### Exercise aim
Check each line of the records below for the word "Toyota" and copy those where it appears.

### Excerpted records
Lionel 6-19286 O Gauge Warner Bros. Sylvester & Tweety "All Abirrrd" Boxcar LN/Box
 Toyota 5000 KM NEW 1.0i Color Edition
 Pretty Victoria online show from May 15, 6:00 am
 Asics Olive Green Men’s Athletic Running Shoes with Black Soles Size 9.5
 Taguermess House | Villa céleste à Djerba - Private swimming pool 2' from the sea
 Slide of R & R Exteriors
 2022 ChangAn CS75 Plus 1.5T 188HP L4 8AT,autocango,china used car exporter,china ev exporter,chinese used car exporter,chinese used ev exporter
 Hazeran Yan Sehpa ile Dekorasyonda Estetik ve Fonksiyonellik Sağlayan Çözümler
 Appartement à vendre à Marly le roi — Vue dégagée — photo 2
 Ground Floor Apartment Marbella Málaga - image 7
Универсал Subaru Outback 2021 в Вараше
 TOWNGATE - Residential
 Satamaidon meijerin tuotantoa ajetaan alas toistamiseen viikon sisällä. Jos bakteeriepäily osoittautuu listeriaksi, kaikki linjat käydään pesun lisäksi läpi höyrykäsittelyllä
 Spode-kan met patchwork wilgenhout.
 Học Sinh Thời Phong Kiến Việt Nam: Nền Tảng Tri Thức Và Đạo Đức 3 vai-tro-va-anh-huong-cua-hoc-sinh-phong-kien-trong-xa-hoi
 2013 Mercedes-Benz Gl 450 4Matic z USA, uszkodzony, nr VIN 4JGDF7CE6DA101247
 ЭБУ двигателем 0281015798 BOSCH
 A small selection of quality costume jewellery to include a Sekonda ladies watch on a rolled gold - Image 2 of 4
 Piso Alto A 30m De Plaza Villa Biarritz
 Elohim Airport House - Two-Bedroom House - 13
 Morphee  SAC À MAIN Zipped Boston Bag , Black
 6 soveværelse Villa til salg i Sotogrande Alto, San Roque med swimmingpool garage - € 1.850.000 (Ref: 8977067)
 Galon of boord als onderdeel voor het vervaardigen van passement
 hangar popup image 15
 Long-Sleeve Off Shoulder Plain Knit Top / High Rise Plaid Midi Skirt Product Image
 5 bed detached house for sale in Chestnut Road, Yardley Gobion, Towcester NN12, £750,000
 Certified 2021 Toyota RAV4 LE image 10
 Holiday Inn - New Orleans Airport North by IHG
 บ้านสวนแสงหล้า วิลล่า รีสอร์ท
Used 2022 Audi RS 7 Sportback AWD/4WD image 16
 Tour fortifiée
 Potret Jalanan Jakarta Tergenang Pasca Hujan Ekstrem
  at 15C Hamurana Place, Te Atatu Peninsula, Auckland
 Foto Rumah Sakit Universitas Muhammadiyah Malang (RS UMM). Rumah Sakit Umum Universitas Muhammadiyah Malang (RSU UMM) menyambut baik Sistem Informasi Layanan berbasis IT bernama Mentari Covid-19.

### Solved problem
 Toyota 5000 KM NEW 1.0i Color Edition
 Certified 2021 Toyota RAV4 LE image 10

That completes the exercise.